Data to examine
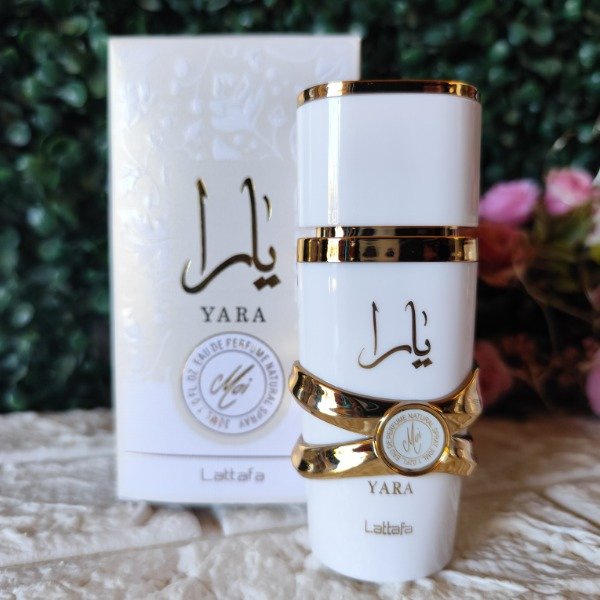 Producto - PERFUME ÁRABE 30ml (Blanco)- MUJER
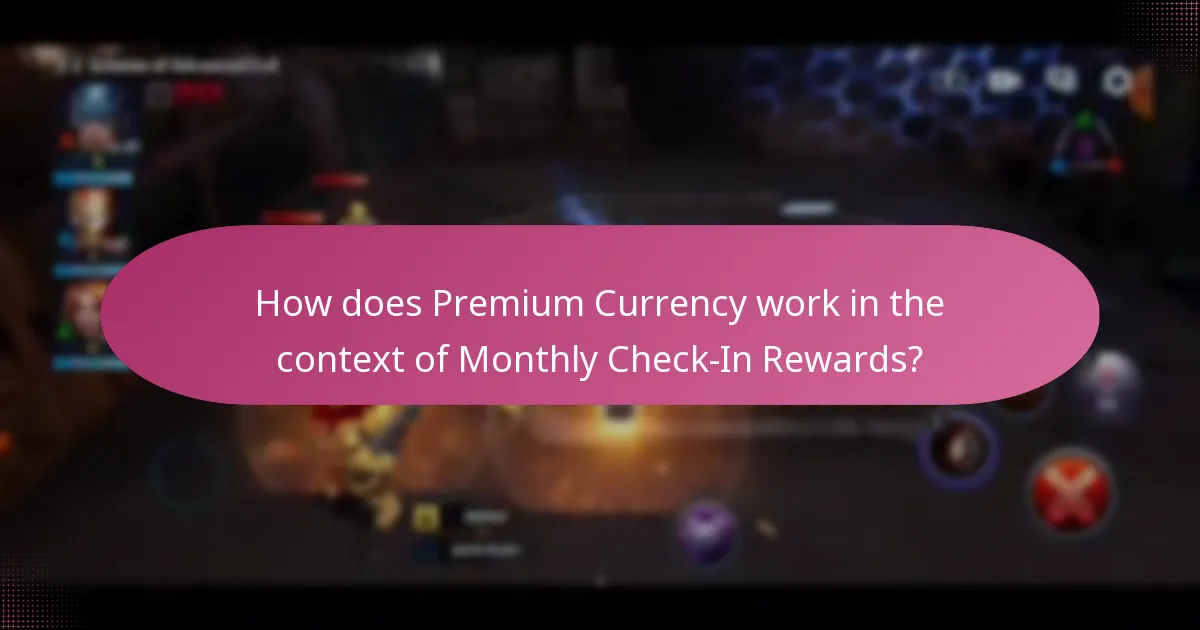 What unique items are available through Monthly Check-In Rewards?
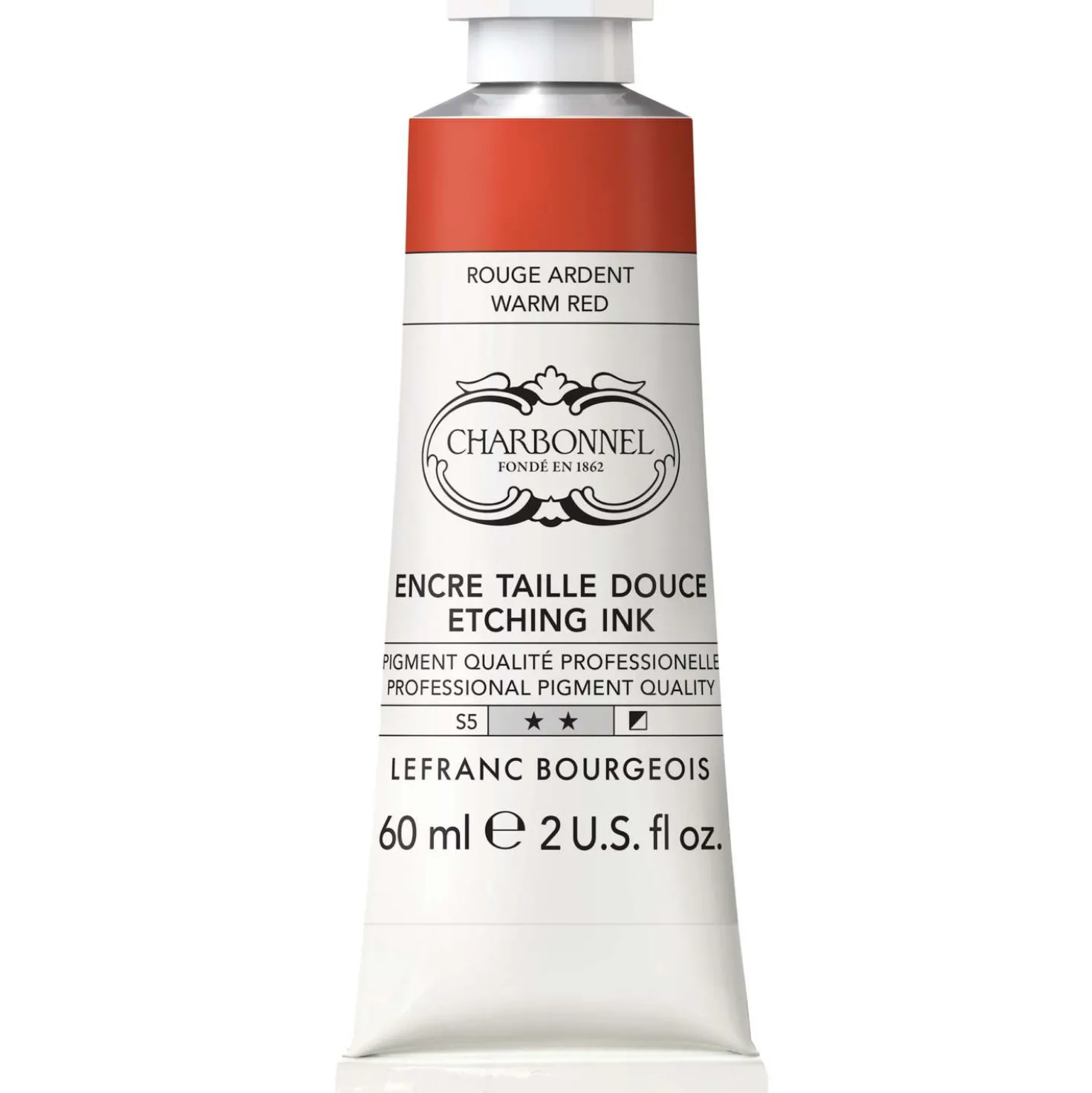 Charbonnel - Inchiostro calcografico per taglio dolce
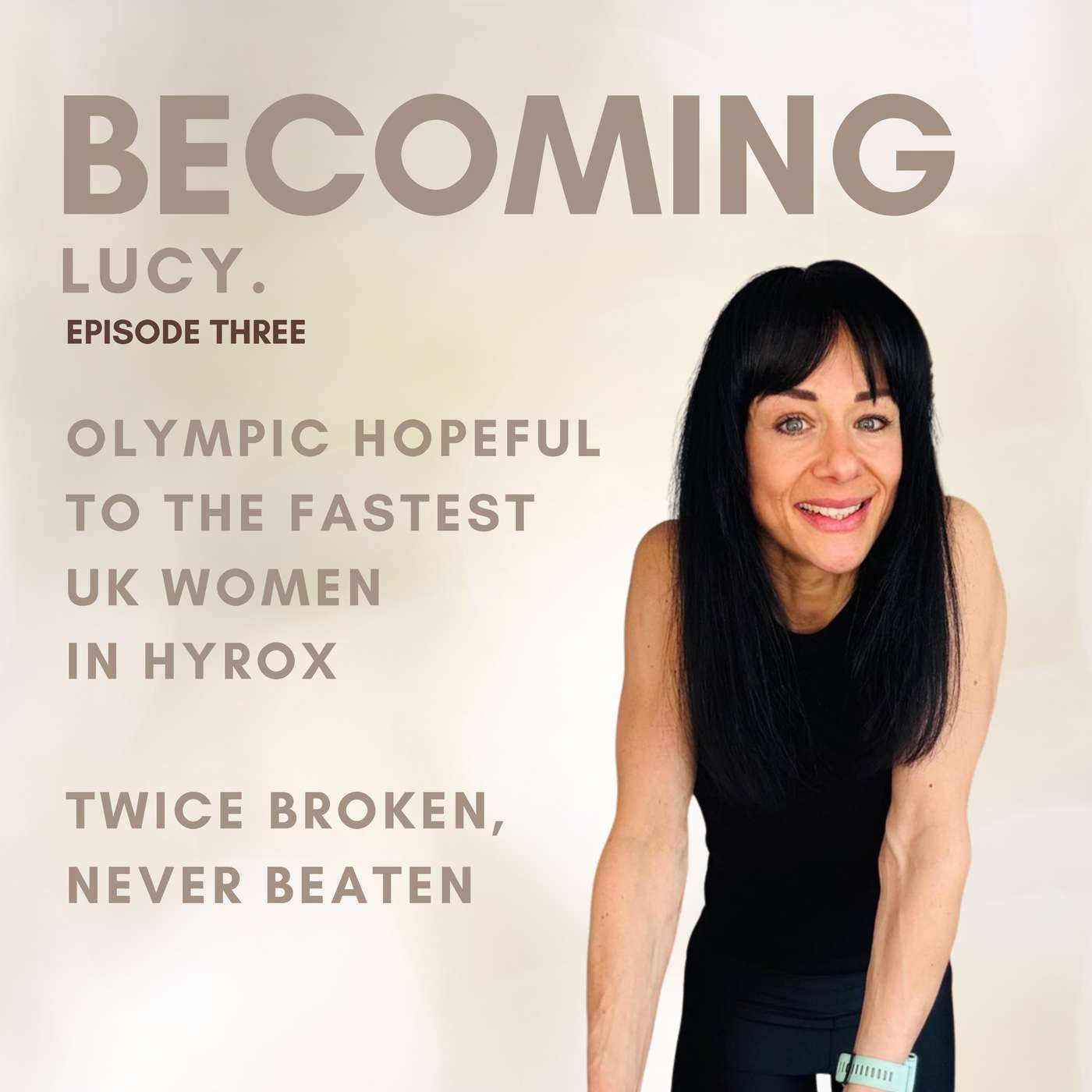 Becoming Lucy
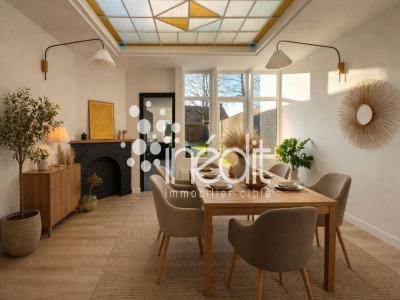 For sale Lambersart 5 rooms 112 m2 Nord (59130) photo 0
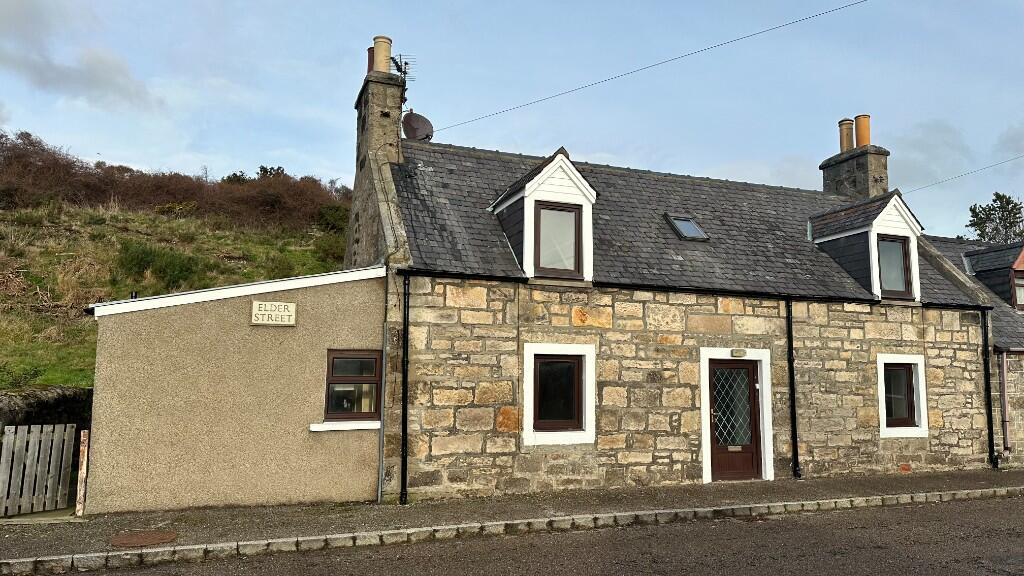 Main image of property: 3 Elder St, Brora, Sutherland, KW9 6QD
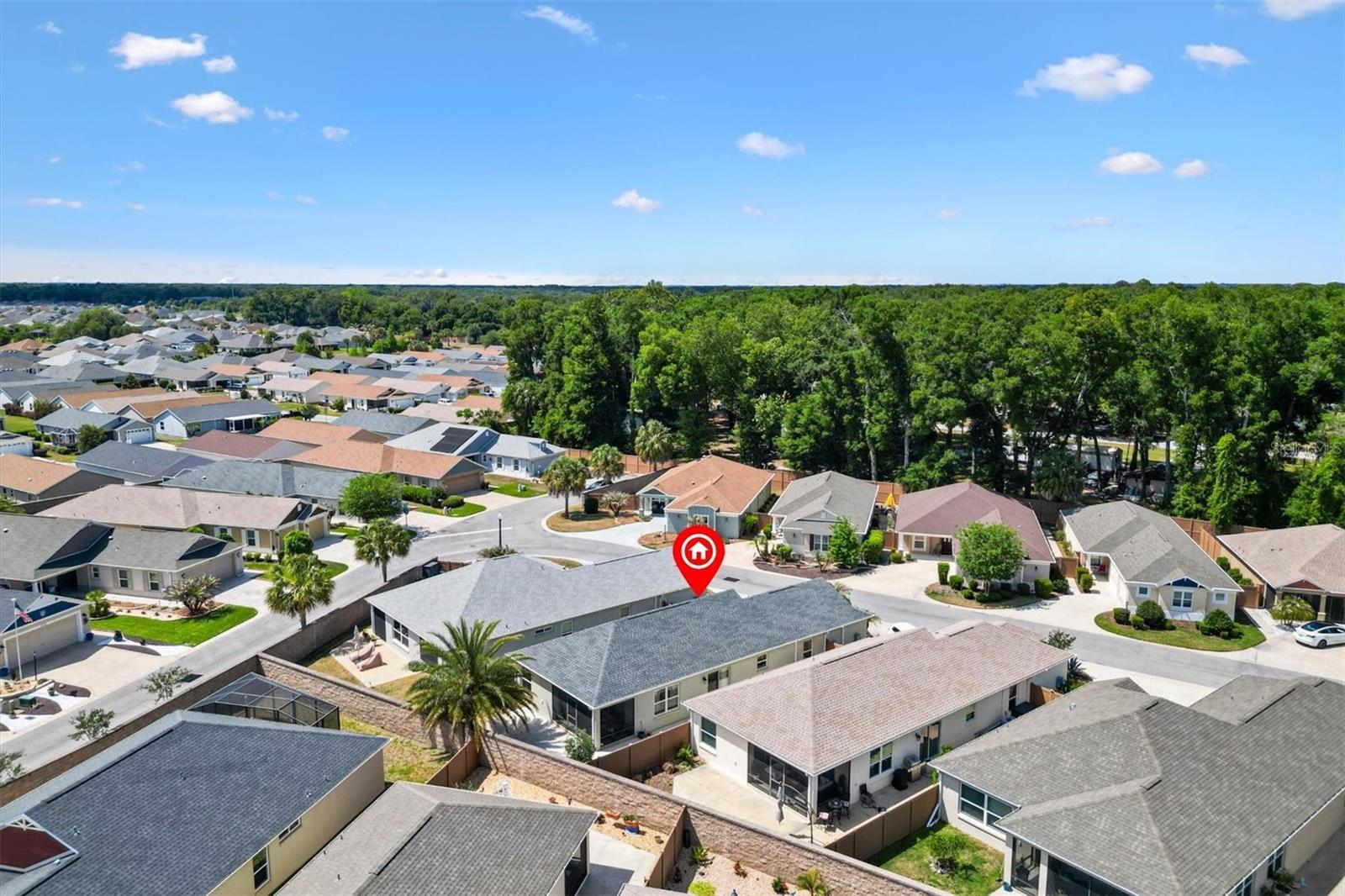 2464 NELLIE RD, THE VILLAGES, FL, 32163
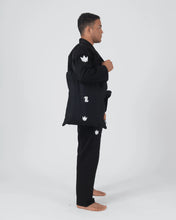 Carregar imagem no visualizador da galeria, Kimono BJJ (Gi) Kingz The One- Preto- ( 2024 Version)
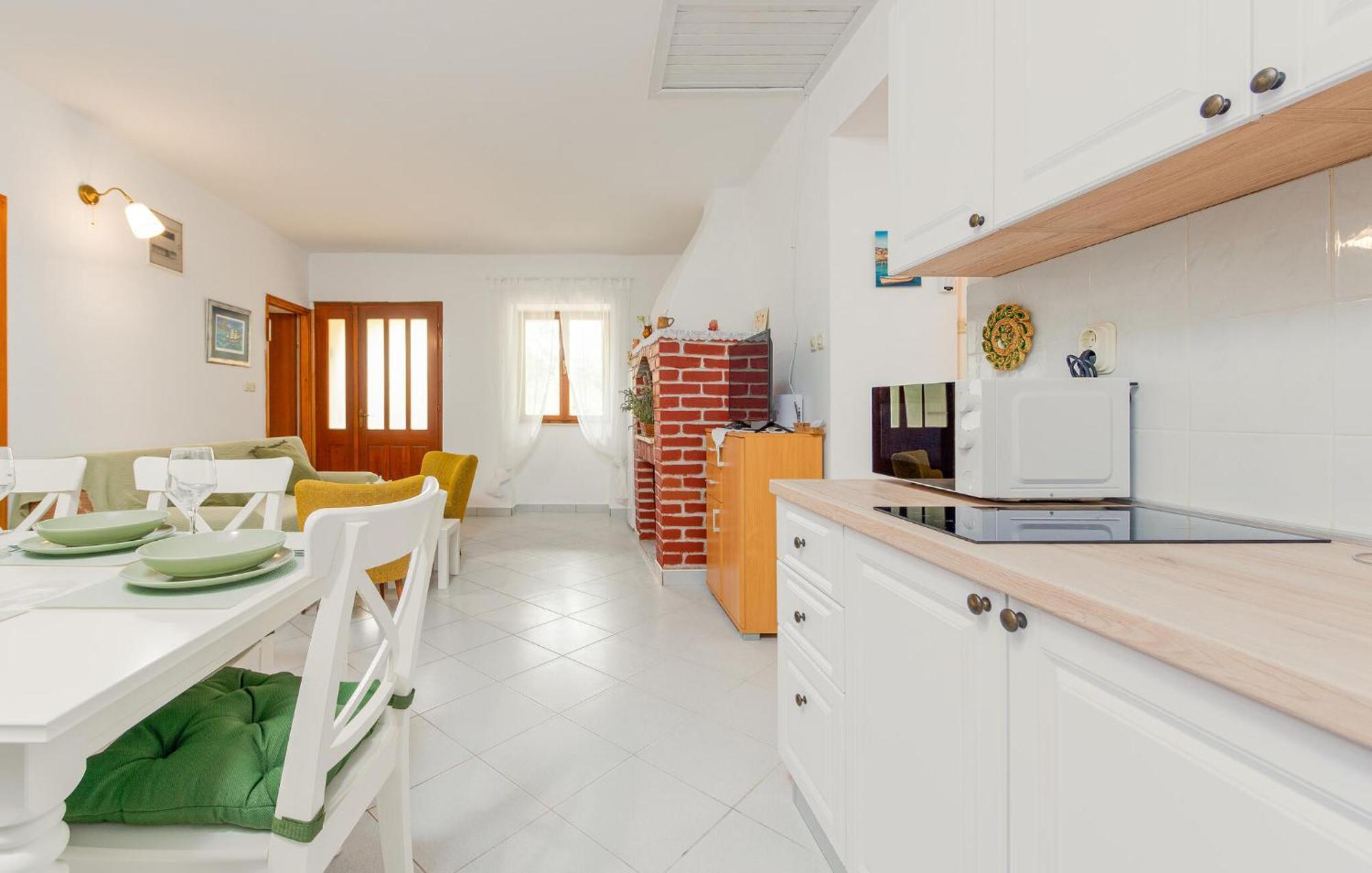 Beautiful Home In Novalja With Wifi Exterior foto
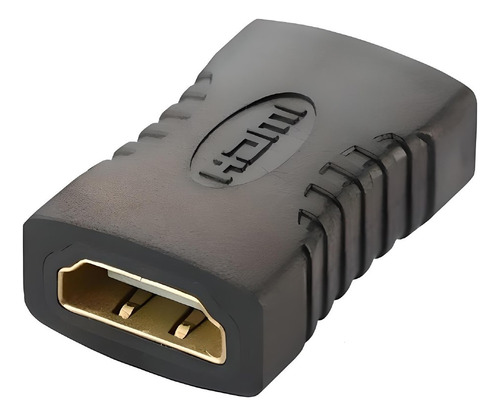 Ficha Adaptadora Hdmi Hembra A Hdmi Hembra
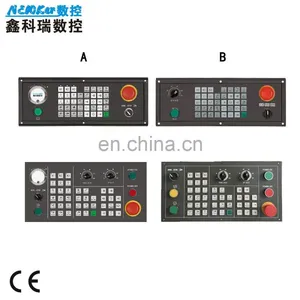 Cheap Absolute 4 Axis CNC Controller Okuma NEW1000MDCa 6 Axis Analog Cnc Controller is Simillar to FANUC Controller thumbnail-2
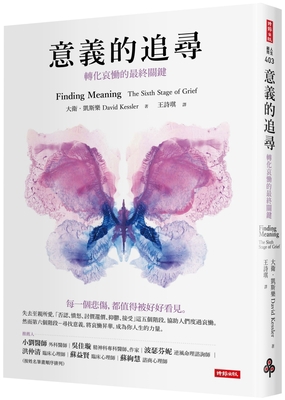 Finding Meaning [Chinese] 9571383937 Book Cover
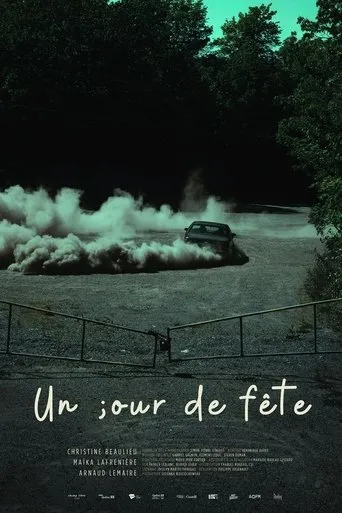 Póster de Un jour de fête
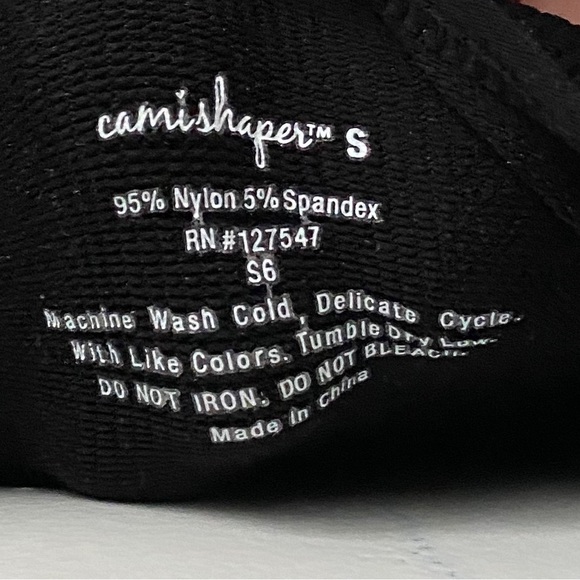 CAMISHAPER - Shape wear in black - Picture 6 of 6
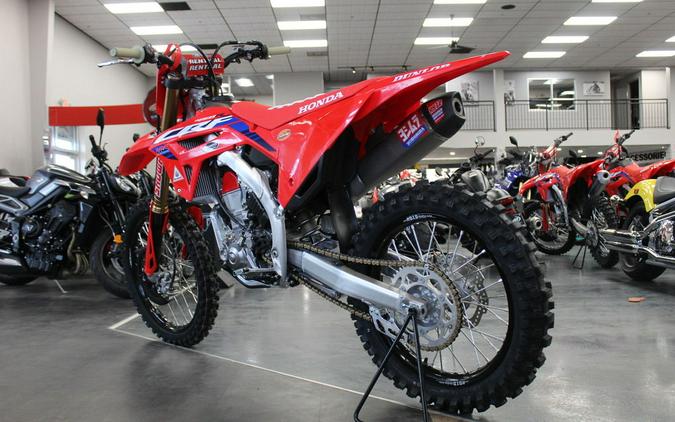 2024 Honda CRF 450RWE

Instructions to follow
What you write out is the stretch of entries from the line containing "2464 NELLIE RD, THE VILLAGES, FL, 32163" to the line containing "Póster de Un jour de fête", word for word, with both end lines and no pictures.

Answer area
 2464 NELLIE RD, THE VILLAGES, FL, 32163
 Carregar imagem no visualizador da galeria, Kimono BJJ (Gi) Kingz The One- Preto- ( 2024 Version)
 Beautiful Home In Novalja With Wifi Exterior foto
 Ficha Adaptadora Hdmi Hembra A Hdmi Hembra
 Cheap Absolute 4 Axis CNC Controller Okuma NEW1000MDCa 6 Axis Analog Cnc Controller is Simillar to FANUC Controller thumbnail-2
 Finding Meaning [Chinese] 9571383937 Book Cover
 Póster de Un jour de fête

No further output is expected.